Segment Open
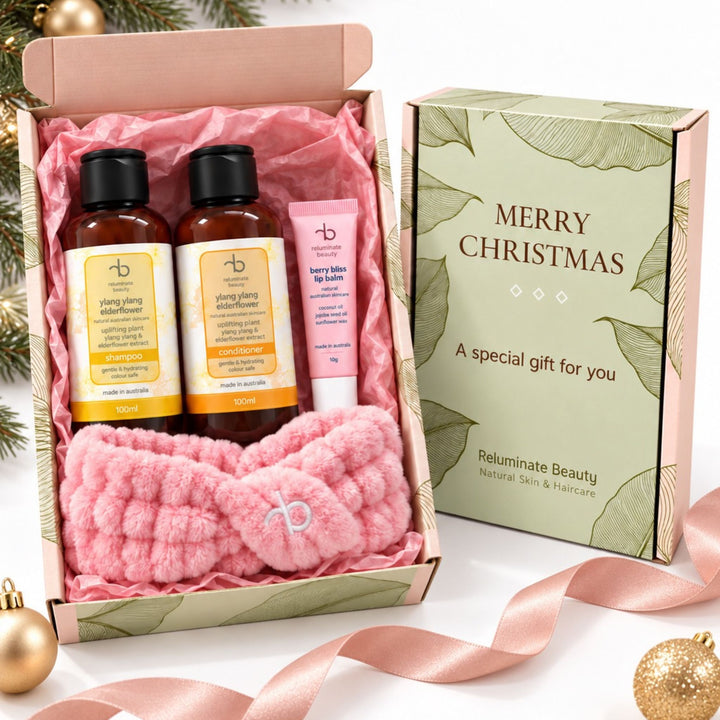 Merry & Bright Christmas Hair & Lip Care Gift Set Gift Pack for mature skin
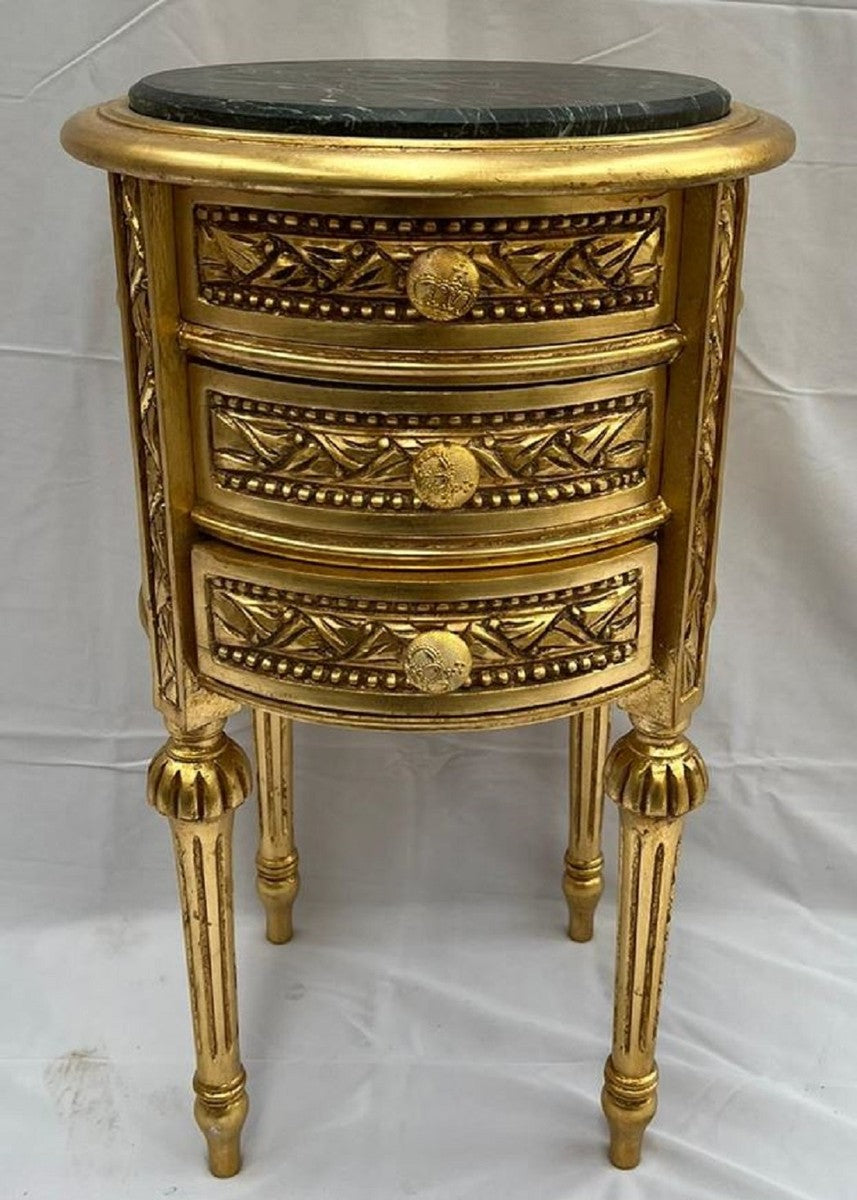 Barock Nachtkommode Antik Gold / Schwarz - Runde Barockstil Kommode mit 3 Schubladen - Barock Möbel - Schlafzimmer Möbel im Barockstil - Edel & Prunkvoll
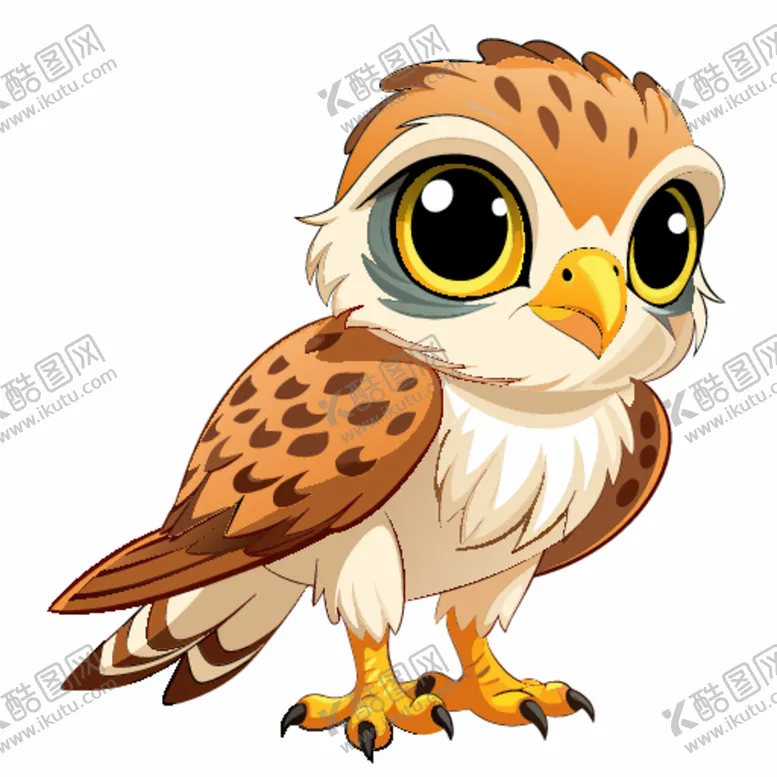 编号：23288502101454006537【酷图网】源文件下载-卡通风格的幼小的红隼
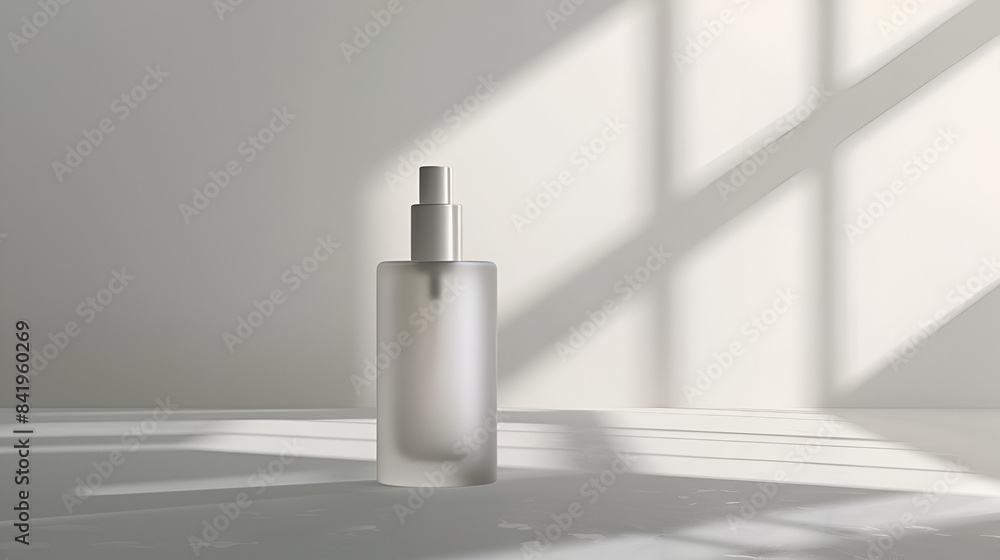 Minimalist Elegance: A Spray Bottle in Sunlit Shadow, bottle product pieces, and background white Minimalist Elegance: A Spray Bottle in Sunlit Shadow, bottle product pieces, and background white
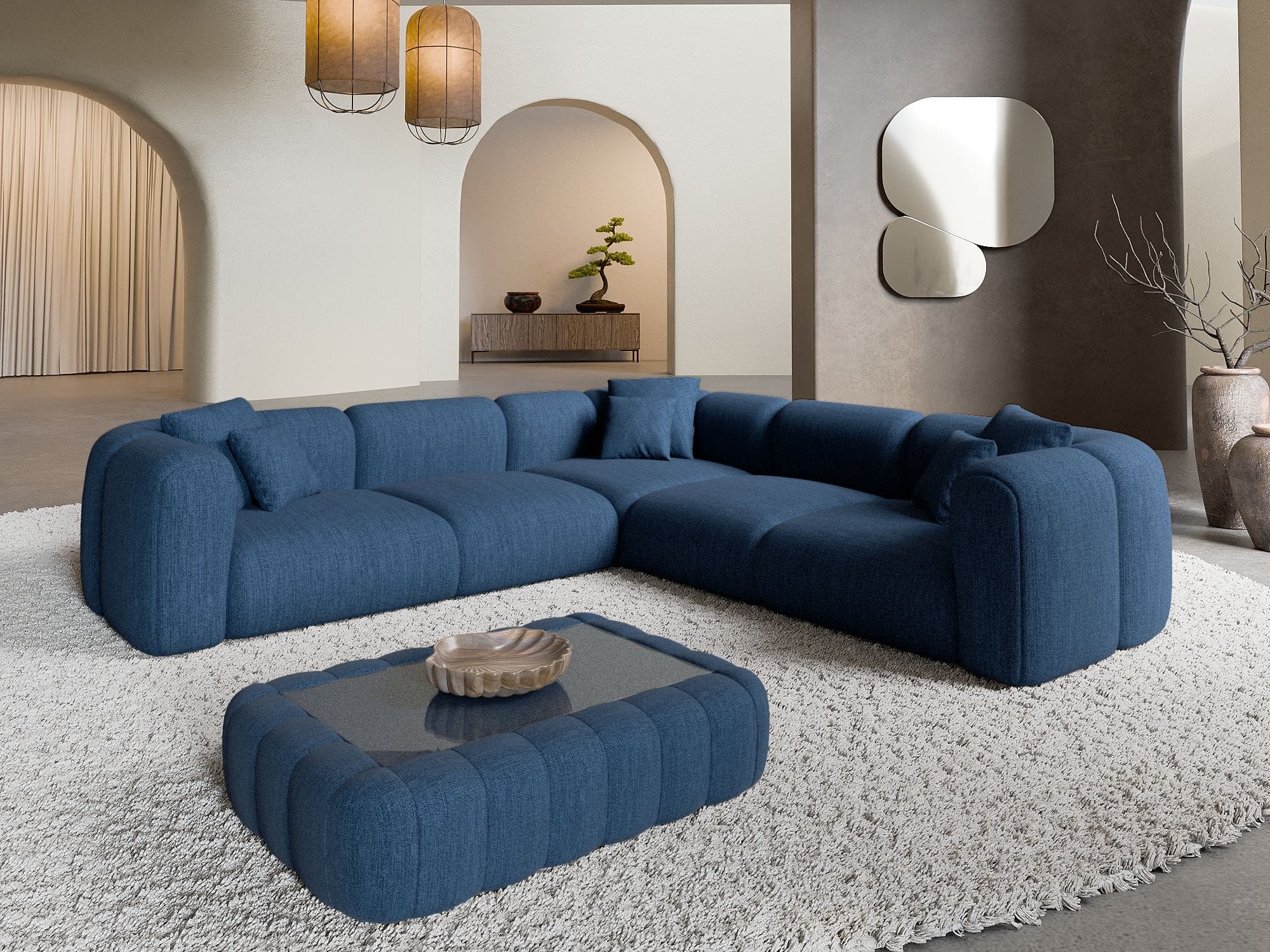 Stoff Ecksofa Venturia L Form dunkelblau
Segment Closed
Segment Open
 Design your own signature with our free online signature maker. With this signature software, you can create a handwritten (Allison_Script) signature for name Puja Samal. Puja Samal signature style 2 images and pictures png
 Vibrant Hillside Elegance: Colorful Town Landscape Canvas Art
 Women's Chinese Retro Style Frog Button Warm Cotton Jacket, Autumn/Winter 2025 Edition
Segment Closed
## WHAT THIS TASK INVOLVES
Among the entries above, take the line with "Merry & Bright", the line with "background white Minimalist", and all the lines between them, and restate them word for word without pictures.

## REPLY TO THE EXERCISE
 Merry & Bright Christmas Hair & Lip Care Gift Set Gift Pack for mature skin
 Barock Nachtkommode Antik Gold / Schwarz - Runde Barockstil Kommode mit 3 Schubladen - Barock Möbel - Schlafzimmer Möbel im Barockstil - Edel & Prunkvoll
 编号：23288502101454006537【酷图网】源文件下载-卡通风格的幼小的红隼
 Minimalist Elegance: A Spray Bottle in Sunlit Shadow, bottle product pieces, and background white Minimalist Elegance: A Spray Bottle in Sunlit Shadow, bottle product pieces, and background white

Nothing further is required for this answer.